Pemerintah Akan Gunakan Evaluasi KRIS untuk Penetapan Besaran Iuran BPJS Kesehatan

MENIT.CO.ID – Pemerintah akan memanfaatkan hasil evaluasi penerapan Kelas Rawat Inap Standar (KRIS) di BPJS Kesehatan sebagai dasar dalam menetapkan besaran iuran peserta.

Kepala Humas BPJS Kesehatan, Rizzky Anugerah, menyatakan bahwa penerapan KRIS diatur dalam Peraturan Presiden Nomor 59 Tahun 2024 tentang Jaminan Kesehatan.

Sistem ini dirancang untuk menyetarakan layanan di fasilitas kesehatan, sehingga peserta Jaminan Kesehatan Nasional (JKN) menerima pelayanan yang adil dan merata tanpa perbedaan.

“Agar pelayanan yang diterima oleh peserta JKN semuanya adil dan merata, tanpa ada perbedaan layanan,” ujar Rizzky melalui pesan teks pada Senin, 13 Mei 2024.

Menurut Rizzky, pelaksanaan KRIS akan diatur lebih lanjut melalui Peraturan Menteri Kesehatan sesuai dengan Perpres Nomor 59 Tahun 2024. Namun, regulasi turunan dari Perpres tersebut belum diterbitkan hingga saat ini.

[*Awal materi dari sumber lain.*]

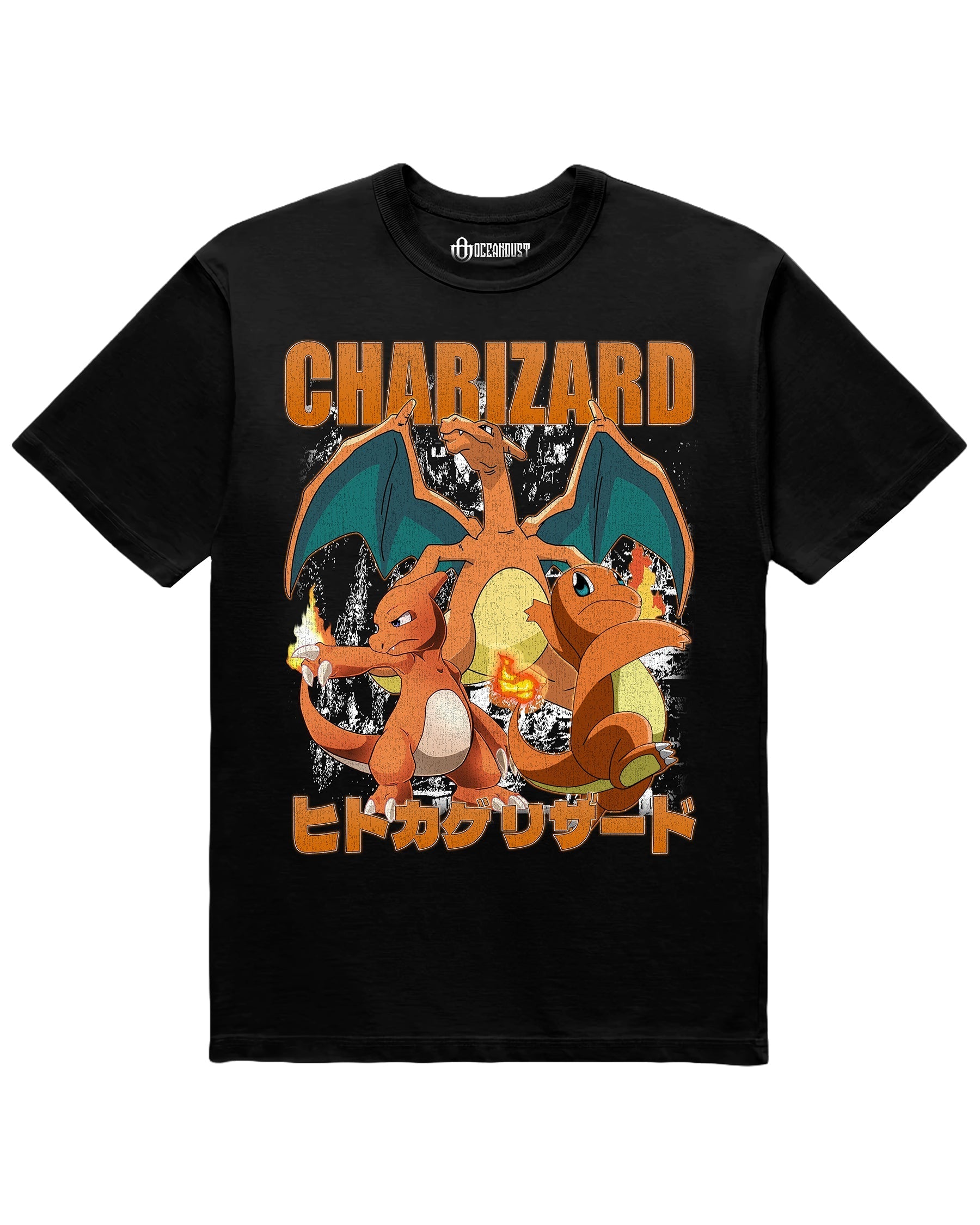 Charizard T-Shirt Hoodie, Sweatshirt | ZylaModa.com (Image 1)
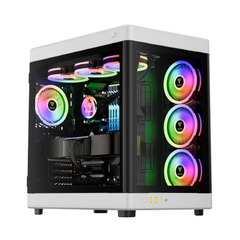 Case Gamdias Neso P1 B /BW / W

Rizzky menekankan bahwa kebijakan KRIS akan dievaluasi penerapannya oleh Menteri Kesehatan dengan melibatkan BPJS Kesehatan, Dewan Jaminan Sosial Nasional, dan pihak terkait lainnya. Hasil evaluasi ini akan menjadi acuan bagi pemerintah dalam menetapkan tarif, manfaat, serta iuran JKN ke depannya.

“Hasil evaluasi pelayanan rawat inap rumah sakit yang menerapkan KRIS ini nantinya akan menjadi landasan bagi pemerintah untuk menetapkan manfaat, tarif, dan iuran JKN ke depan,” jelasnya.

Selama iuran baru belum ditetapkan, besaran iuran yang dibayarkan tetap mengacu pada kelas 1, 2, dan 3 BPJS. Rizzky menambahkan, jika pemerintah memutuskan untuk mengubah sistem pembayaran, BPJS Kesehatan akan mengikuti ketentuan yang berlaku.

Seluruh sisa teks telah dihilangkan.